Do you have a crane with spring scale? Lift up one side (SLOWLY!) with the crane until the weight reading is below some threshold, 1,000lbs, 2,000lbs? Whatever you feel is safe, crane still supporting enough weight to ensure you don't topple the thing over. Treat that as the tipping point, measure the tilt angle, and use trig to get the vertical COG. It will be as conservative as your spring scale threshold.
If you wanted to further reduce the chance of tipping, and increase the accuracy, you could plan to use the spring scale weight as part of the calculation. Modified method of the "tilt and weigh 4 corners" mentioned earlier. If you've got X,000lbs on the crane, X,000 on the ground, know the horizontal COG, and can measure the tilt angle, from there it is physics 101.

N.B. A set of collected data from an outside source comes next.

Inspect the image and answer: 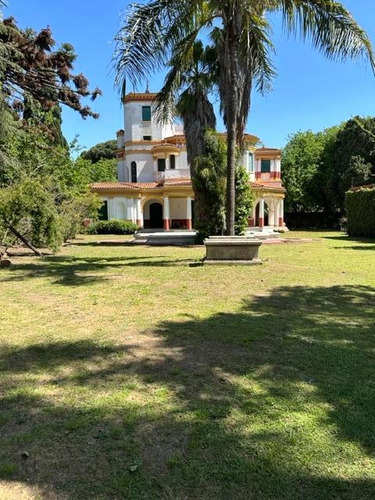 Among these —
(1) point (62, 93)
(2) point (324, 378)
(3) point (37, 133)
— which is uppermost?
(1) point (62, 93)

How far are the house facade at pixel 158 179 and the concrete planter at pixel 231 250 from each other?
20644 mm

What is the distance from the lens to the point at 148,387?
3521 mm

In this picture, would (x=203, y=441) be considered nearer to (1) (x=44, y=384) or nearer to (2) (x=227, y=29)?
(1) (x=44, y=384)

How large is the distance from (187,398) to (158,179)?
33.5m

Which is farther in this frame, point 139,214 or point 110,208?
point 139,214

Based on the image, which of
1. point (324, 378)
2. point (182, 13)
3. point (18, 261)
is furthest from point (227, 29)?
point (324, 378)

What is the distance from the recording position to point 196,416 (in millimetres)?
3018

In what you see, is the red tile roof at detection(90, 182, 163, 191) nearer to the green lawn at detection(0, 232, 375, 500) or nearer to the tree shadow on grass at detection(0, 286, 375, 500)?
the green lawn at detection(0, 232, 375, 500)

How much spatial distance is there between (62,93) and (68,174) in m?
4.31

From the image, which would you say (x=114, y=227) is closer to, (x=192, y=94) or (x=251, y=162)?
(x=251, y=162)

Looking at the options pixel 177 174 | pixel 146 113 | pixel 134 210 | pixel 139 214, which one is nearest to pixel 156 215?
pixel 139 214

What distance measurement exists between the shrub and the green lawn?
25.7 m

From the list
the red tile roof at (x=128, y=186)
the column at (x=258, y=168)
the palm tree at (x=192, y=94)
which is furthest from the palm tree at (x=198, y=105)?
the column at (x=258, y=168)

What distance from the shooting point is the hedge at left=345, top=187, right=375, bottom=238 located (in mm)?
25156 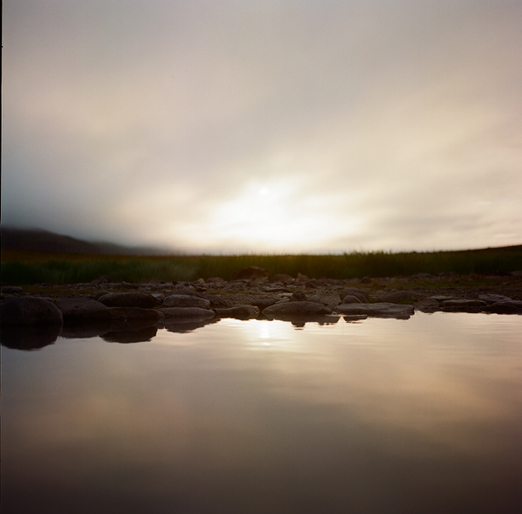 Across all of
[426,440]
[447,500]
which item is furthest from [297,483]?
[426,440]

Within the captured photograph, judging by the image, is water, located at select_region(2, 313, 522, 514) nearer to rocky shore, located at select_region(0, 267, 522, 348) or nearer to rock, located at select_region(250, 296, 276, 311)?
rocky shore, located at select_region(0, 267, 522, 348)

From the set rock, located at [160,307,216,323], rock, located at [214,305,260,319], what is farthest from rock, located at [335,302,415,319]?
rock, located at [160,307,216,323]

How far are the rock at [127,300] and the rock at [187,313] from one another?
573mm

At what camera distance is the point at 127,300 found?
600 centimetres

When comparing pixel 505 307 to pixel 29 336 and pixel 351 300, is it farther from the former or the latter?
pixel 29 336

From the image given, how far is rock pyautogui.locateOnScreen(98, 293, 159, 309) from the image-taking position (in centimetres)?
587

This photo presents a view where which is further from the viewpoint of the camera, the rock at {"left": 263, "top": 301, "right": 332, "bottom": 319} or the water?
the rock at {"left": 263, "top": 301, "right": 332, "bottom": 319}

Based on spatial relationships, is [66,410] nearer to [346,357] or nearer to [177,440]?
[177,440]

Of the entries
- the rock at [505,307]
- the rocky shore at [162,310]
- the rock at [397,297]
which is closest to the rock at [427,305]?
the rocky shore at [162,310]

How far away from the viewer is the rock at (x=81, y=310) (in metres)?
5.01

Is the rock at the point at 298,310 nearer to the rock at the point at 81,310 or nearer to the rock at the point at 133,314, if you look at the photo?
the rock at the point at 133,314

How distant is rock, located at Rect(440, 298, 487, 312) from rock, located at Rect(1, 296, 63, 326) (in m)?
5.73

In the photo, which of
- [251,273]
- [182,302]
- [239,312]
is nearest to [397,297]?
[239,312]

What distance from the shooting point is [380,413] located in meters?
1.96
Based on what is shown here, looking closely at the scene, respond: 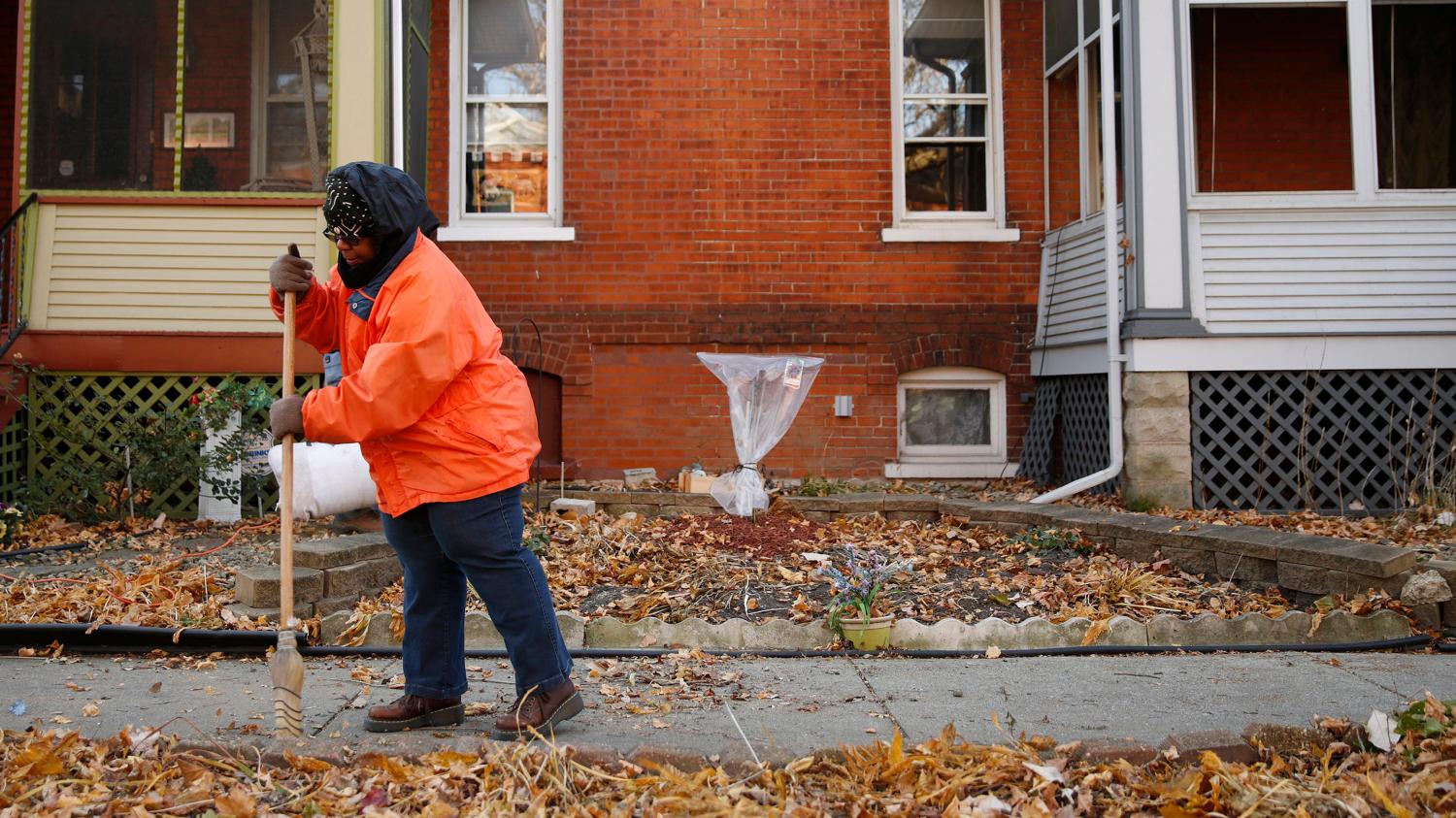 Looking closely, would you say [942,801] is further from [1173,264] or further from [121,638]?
[1173,264]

I'd like to think that this is a pretty elegant solution. Depending on the details it works out as the best option for accuracy, man hours (only thing quicker is a WAG - wild ass guess), engineering justification, and safety. You could eliminate ALL assumptions and peg the vertical COG dead on if you wanted, but as already mentioned, probably not worth the trouble.
I'd pull one side up with a spring scale until I had an appreciable angle and a clear change in weight distribution, then plug it in.
Because he is the engineering manager, not the shipping manager. And if this works out well he can write a procedure, this could be a chargeable item for a customer - dry and wet COG's verified.